**DIRECTIONS**
The entries that follow include a run beginning at the line with "Land Rover Range" and ending at the line with "Photo of property"; restate that run word for word and leave the rest out.

**PROVIDED DATA**

>>>

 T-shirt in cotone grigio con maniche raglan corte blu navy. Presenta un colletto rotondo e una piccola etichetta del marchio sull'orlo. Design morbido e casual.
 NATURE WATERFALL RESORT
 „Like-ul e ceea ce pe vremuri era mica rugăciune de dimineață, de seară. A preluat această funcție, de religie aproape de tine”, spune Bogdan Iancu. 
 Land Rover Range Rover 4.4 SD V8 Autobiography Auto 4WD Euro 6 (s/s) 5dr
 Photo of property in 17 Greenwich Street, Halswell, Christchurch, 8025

<<<
>>>

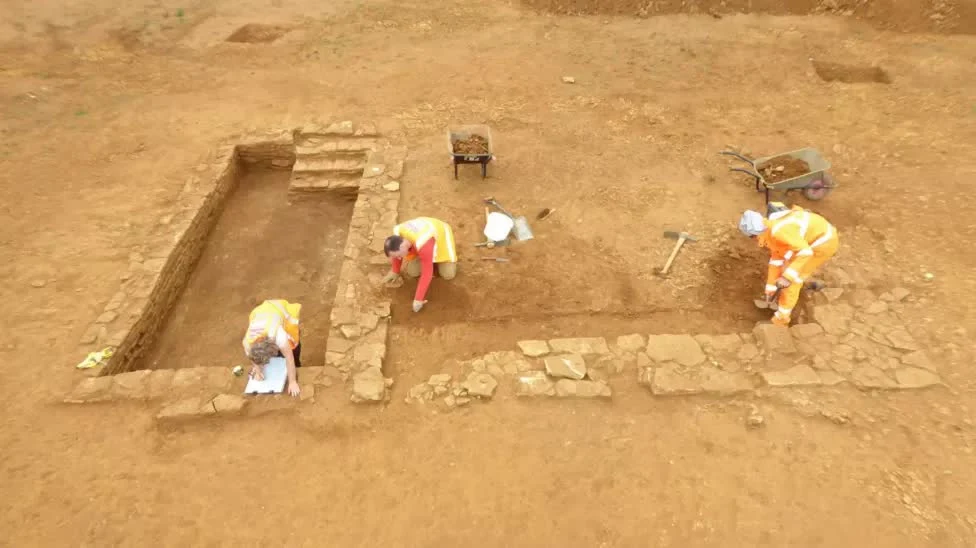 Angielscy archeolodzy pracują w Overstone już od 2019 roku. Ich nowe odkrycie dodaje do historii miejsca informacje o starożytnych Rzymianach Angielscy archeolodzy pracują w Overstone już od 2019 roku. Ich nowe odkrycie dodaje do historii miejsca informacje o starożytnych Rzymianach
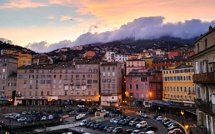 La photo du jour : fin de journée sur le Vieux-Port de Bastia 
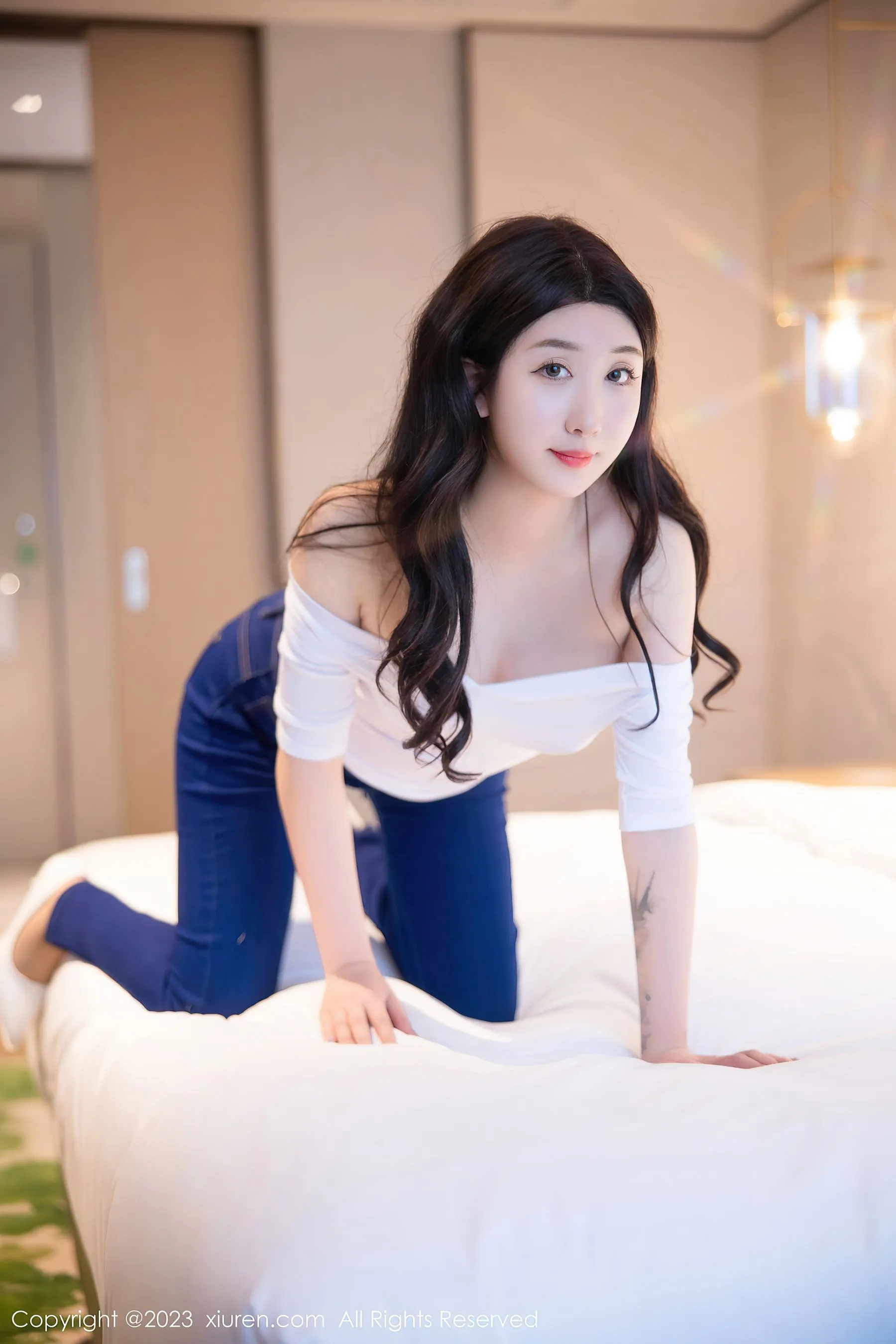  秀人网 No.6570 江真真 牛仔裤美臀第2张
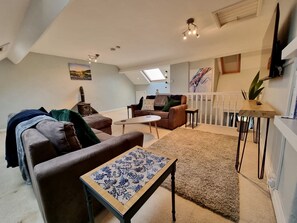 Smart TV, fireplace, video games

<<<

**OUTPUT BELOW**
 Land Rover Range Rover 4.4 SD V8 Autobiography Auto 4WD Euro 6 (s/s) 5dr
 Photo of property in 17 Greenwich Street, Halswell, Christchurch, 8025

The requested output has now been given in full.